No pictures should appear in the copy. Reproduce exactly the lines from the one containing "vidaXL Κομοδίνο Γυαλιστερό" through the end of the material below.
=== Data below ===
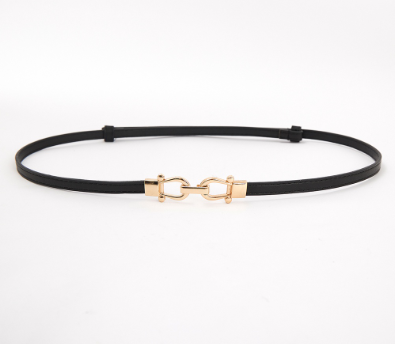 Lovito Women Casual Plain Basic Belt L69AD040 (Black)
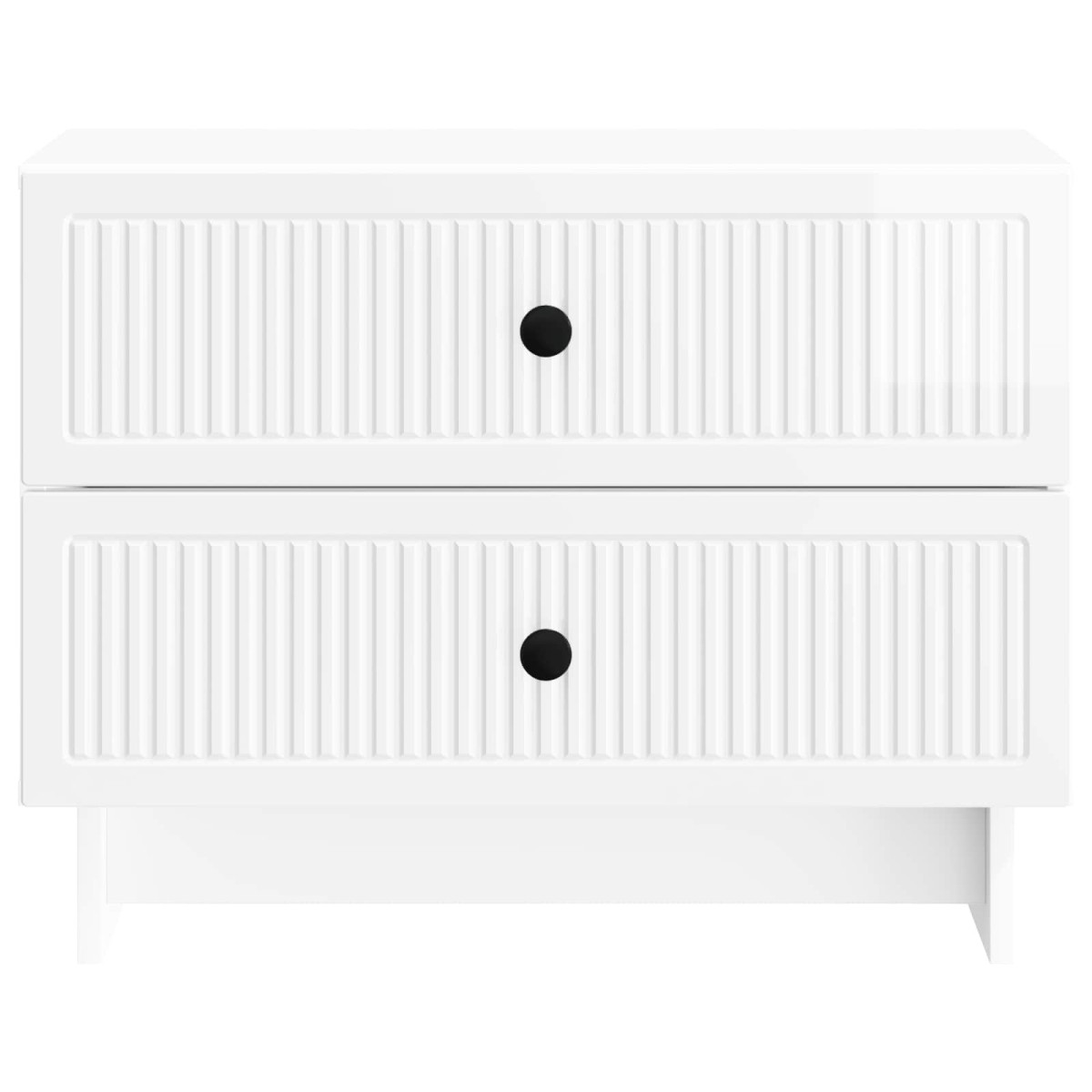 vidaXL Κομοδίνο Γυαλιστερό Λευκό 62 x 34,5 x 47,5 εκ
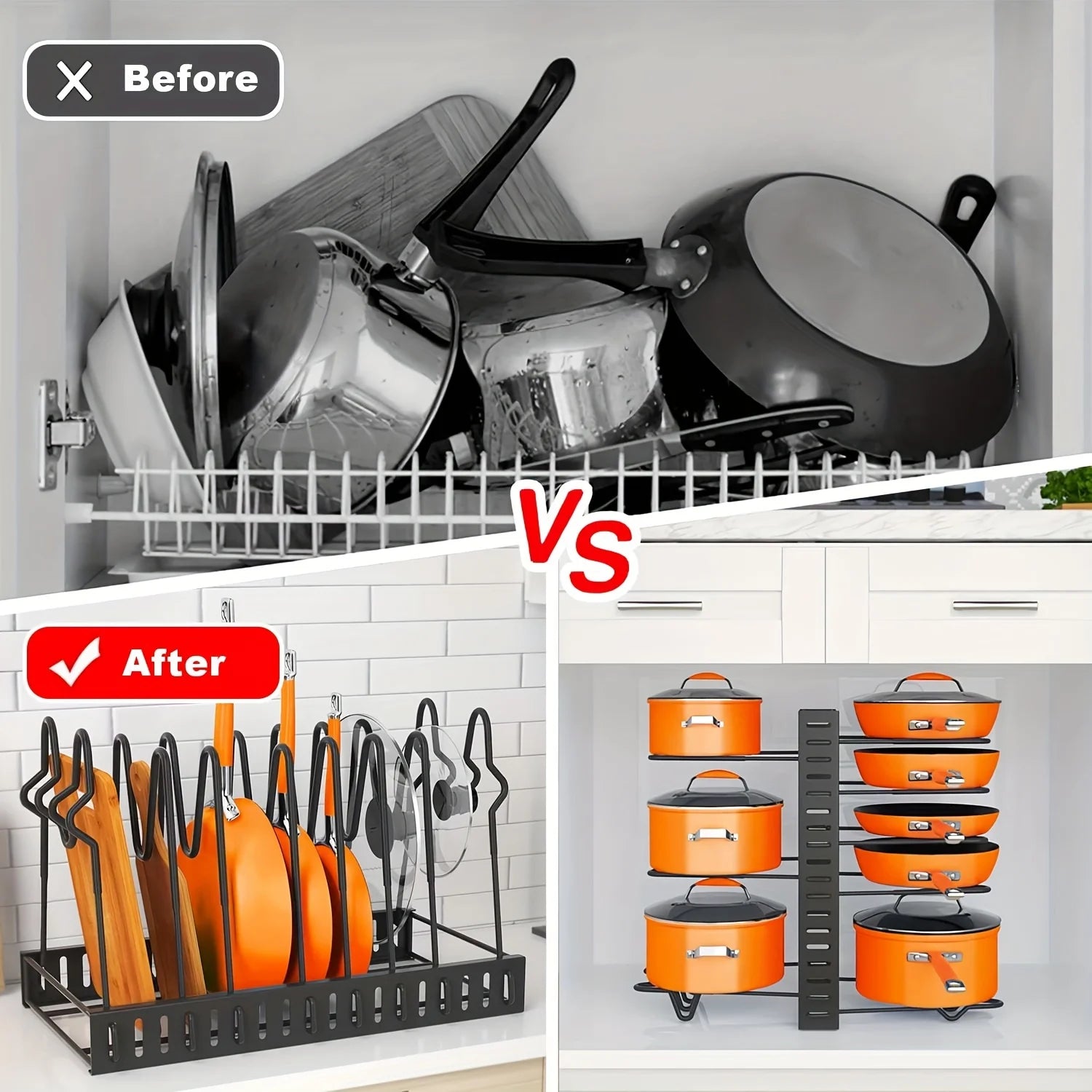 Heavy duty black pot and pan organizer rack fully loaded inside a kitchen cabinet", "Close-up of the adjustable tiers and non-slip lid holder on the metal storage rack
===
■ Problem solution:
 vidaXL Κομοδίνο Γυαλιστερό Λευκό 62 x 34,5 x 47,5 εκ
 Heavy duty black pot and pan organizer rack fully loaded inside a kitchen cabinet", "Close-up of the adjustable tiers and non-slip lid holder on the metal storage rack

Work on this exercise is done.